Saved entries
------
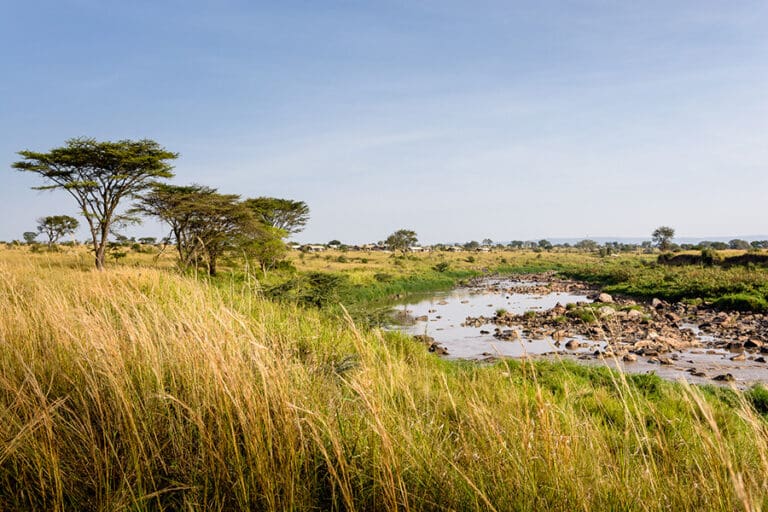 SINGITA MARA RIVER TENTED CAMP Mara river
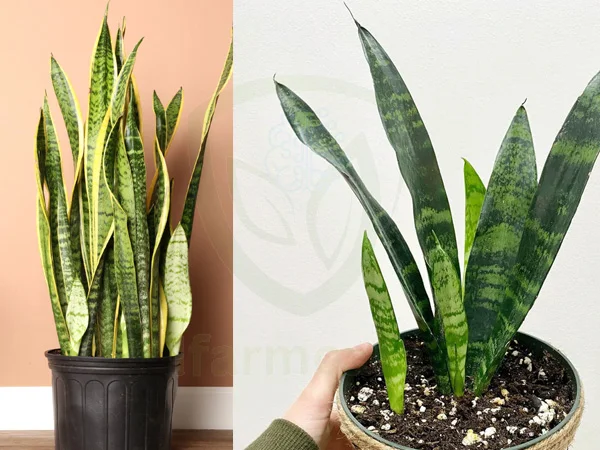 snake plant propagation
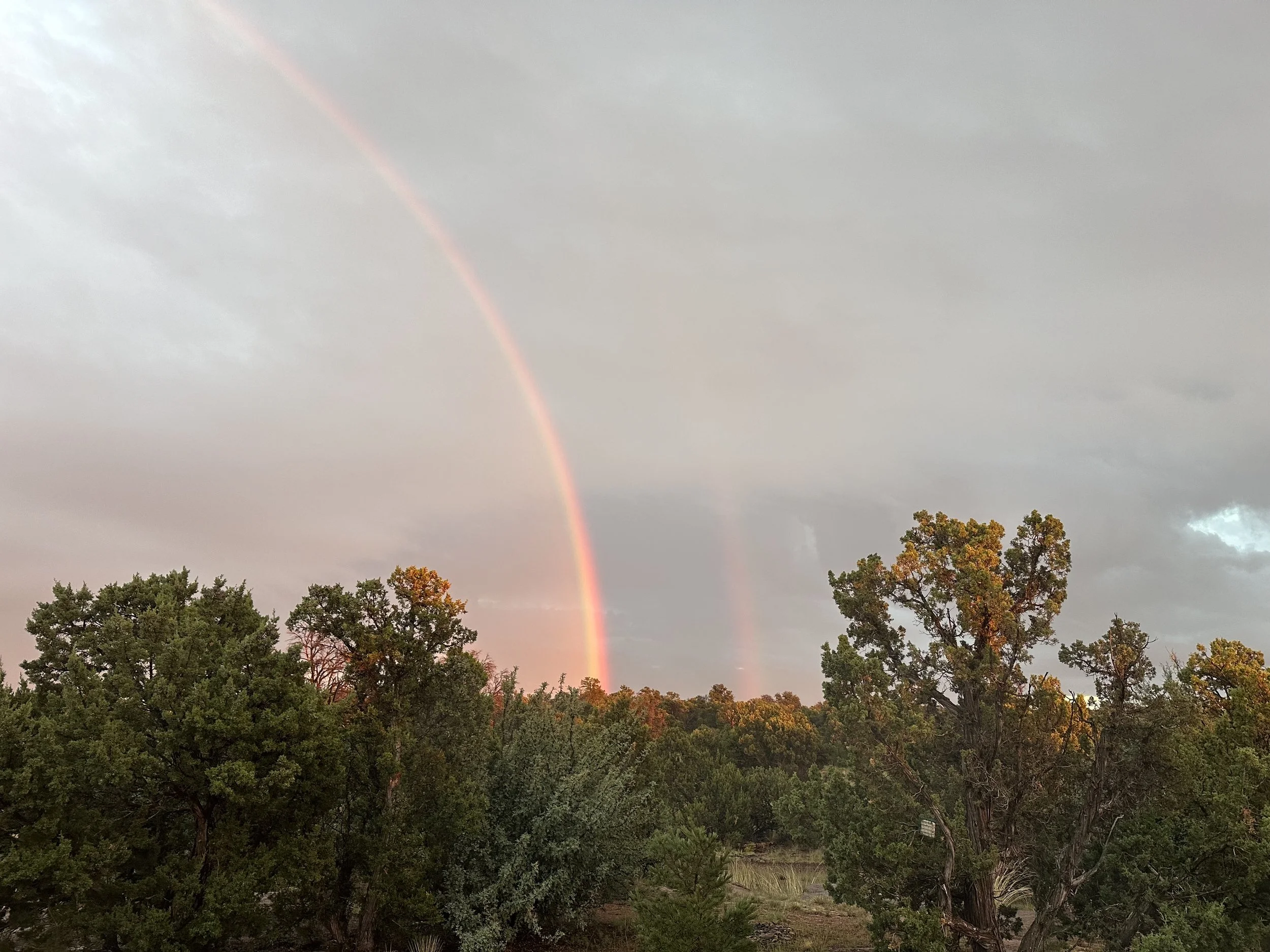 The Monsoon Has Arrived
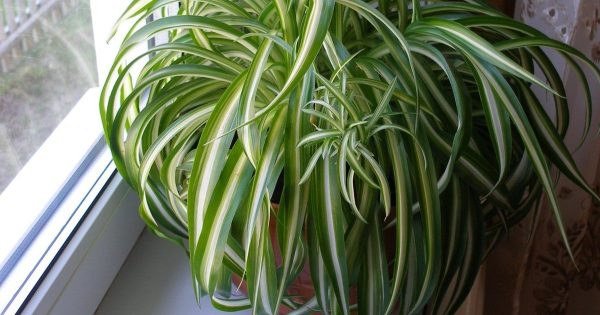 5 plantas ideales para humedecer el aire del piso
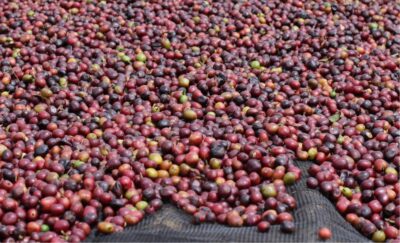 Coffee cherries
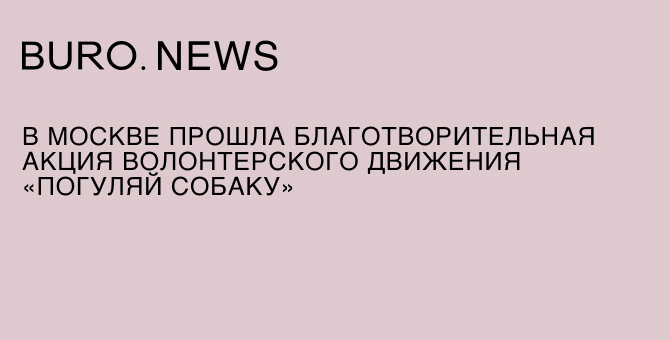 В Москве прошла благотворительная акция волонтерского движения «Погуляй собаку»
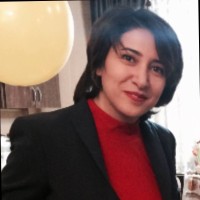 Farzaneh Beigi, Phd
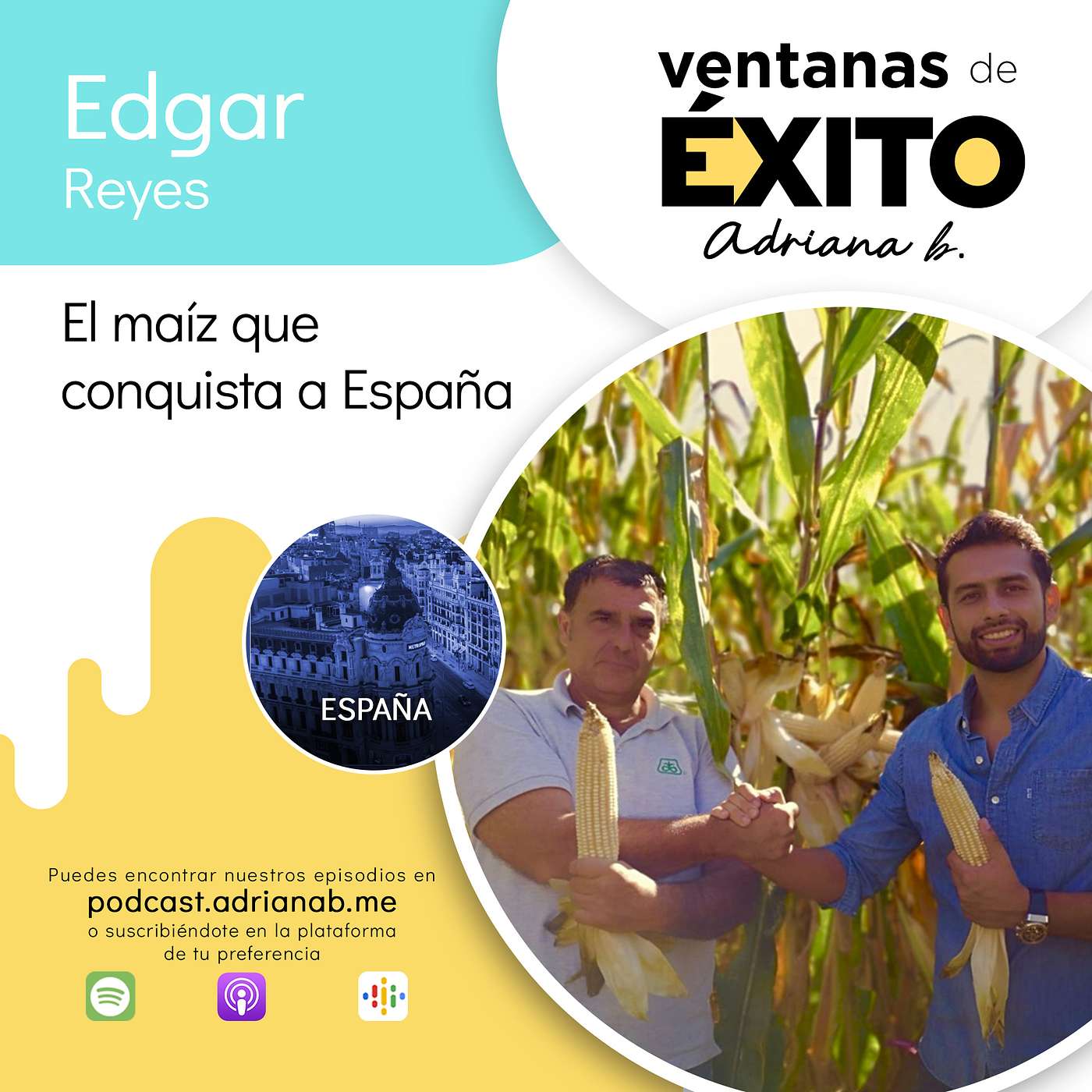 Ventanas de Éxito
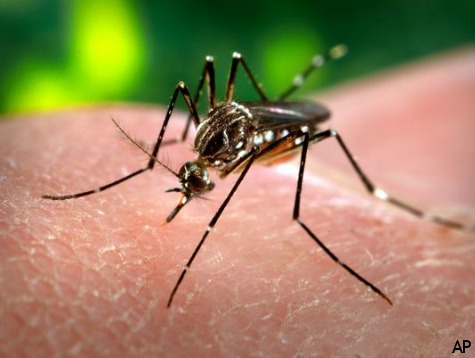 Texas Confirms First Ever Chikungunya Disease Case Near Austin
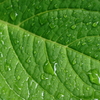 雨の葉っぱ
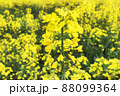 満開の菜の花畑の菜の花たち 88099364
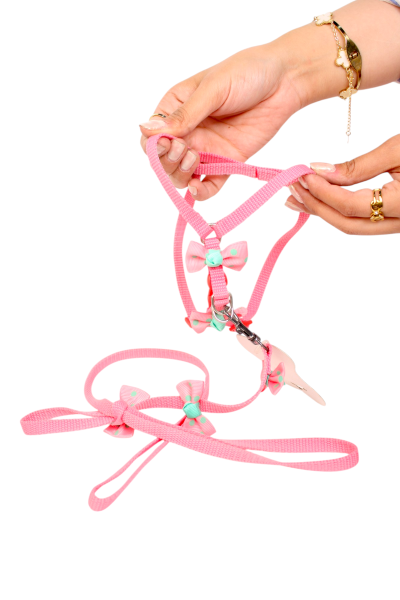 Round Rope Pet Training Lead for Dog and cat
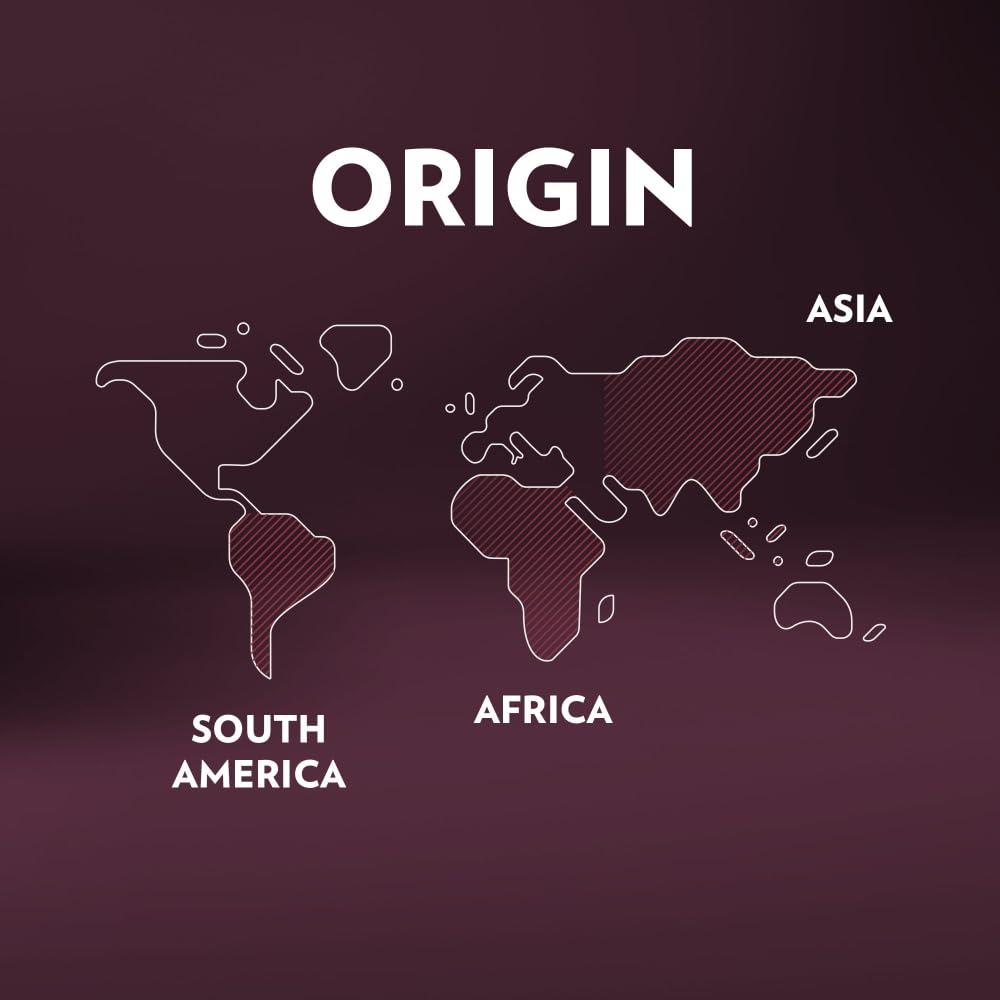 Lavazza Expert Intenso Coffee Capsules, Dark Roast, Arabica and Robusta Blend, Compatible with Lavazza Classy Plus Machine (36 Capsules)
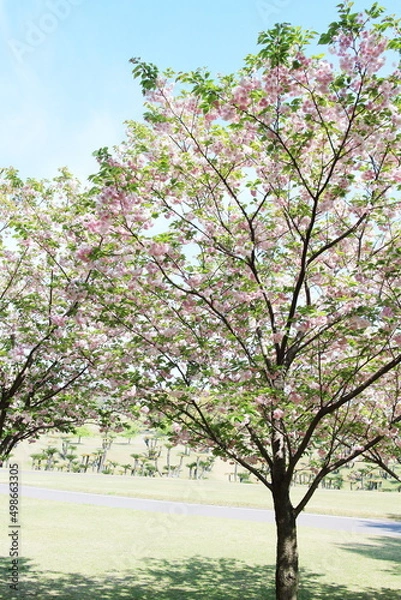 Fototapeta 満開に咲いた八重桜の木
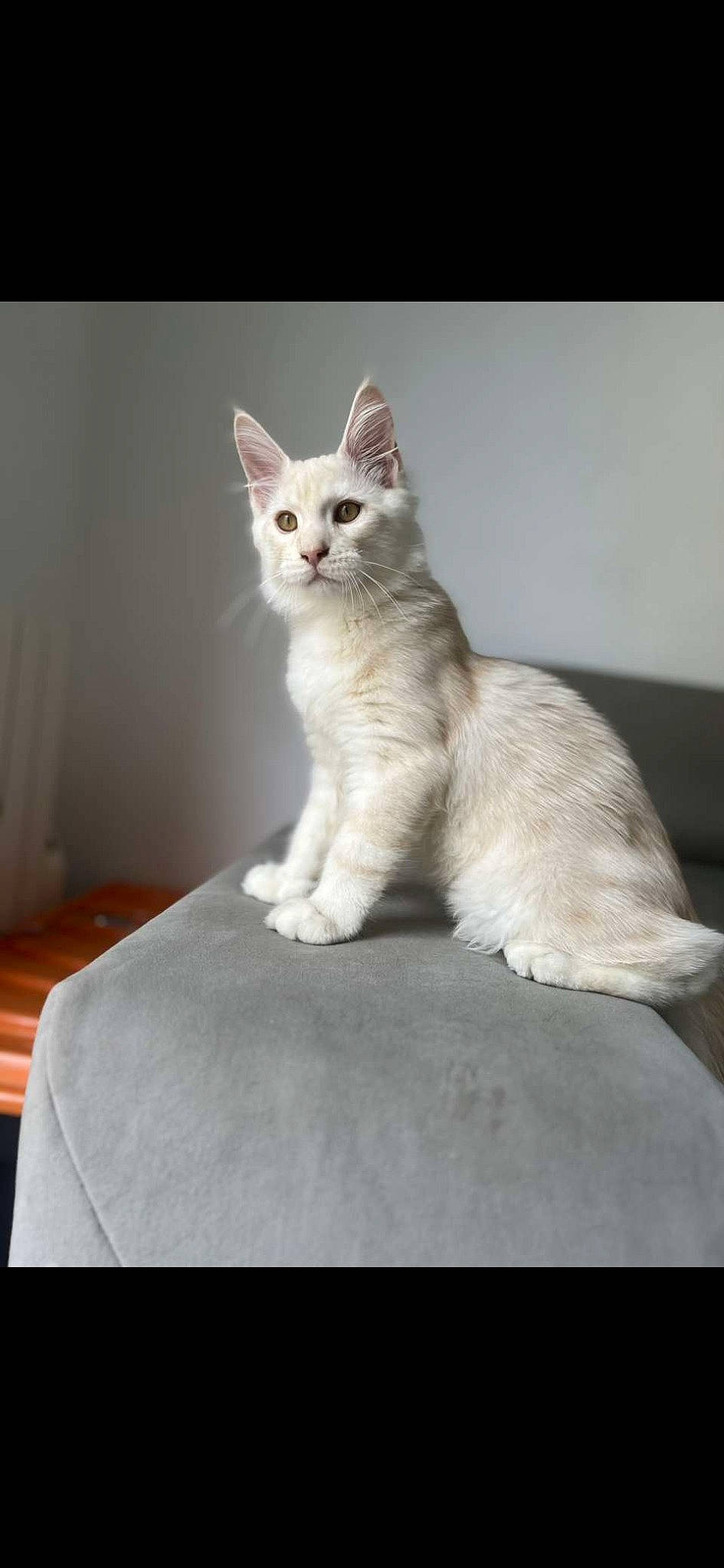 Akira participe au concours pour gagner de l'argent avec cette photo : carnivore, cat, comfort, domestic_short_haired_cat, felidae, fur, paw, sitting, small_to_medium_sized_cats, snout, tail, terrestrial_animal, whiskers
------
-- EXERCISE DIRECTIONS --
A word-for-word copy of the records is required. Leave out every picture.

-- SOLUTION TO THE PROBLEM --
 SINGITA MARA RIVER TENTED CAMP Mara river
 snake plant propagation
 The Monsoon Has Arrived
 5 plantas ideales para humedecer el aire del piso
 Coffee cherries
 В Москве прошла благотворительная акция волонтерского движения «Погуляй собаку»
 Farzaneh Beigi, Phd
 Ventanas de Éxito
 Texas Confirms First Ever Chikungunya Disease Case Near Austin
 雨の葉っぱ
 満開の菜の花畑の菜の花たち 88099364
 Round Rope Pet Training Lead for Dog and cat
 Lavazza Expert Intenso Coffee Capsules, Dark Roast, Arabica and Robusta Blend, Compatible with Lavazza Classy Plus Machine (36 Capsules)
 Fototapeta 満開に咲いた八重桜の木
 Akira participe au concours pour gagner de l'argent avec cette photo : carnivore, cat, comfort, domestic_short_haired_cat, felidae, fur, paw, sitting, small_to_medium_sized_cats, snout, tail, terrestrial_animal, whiskers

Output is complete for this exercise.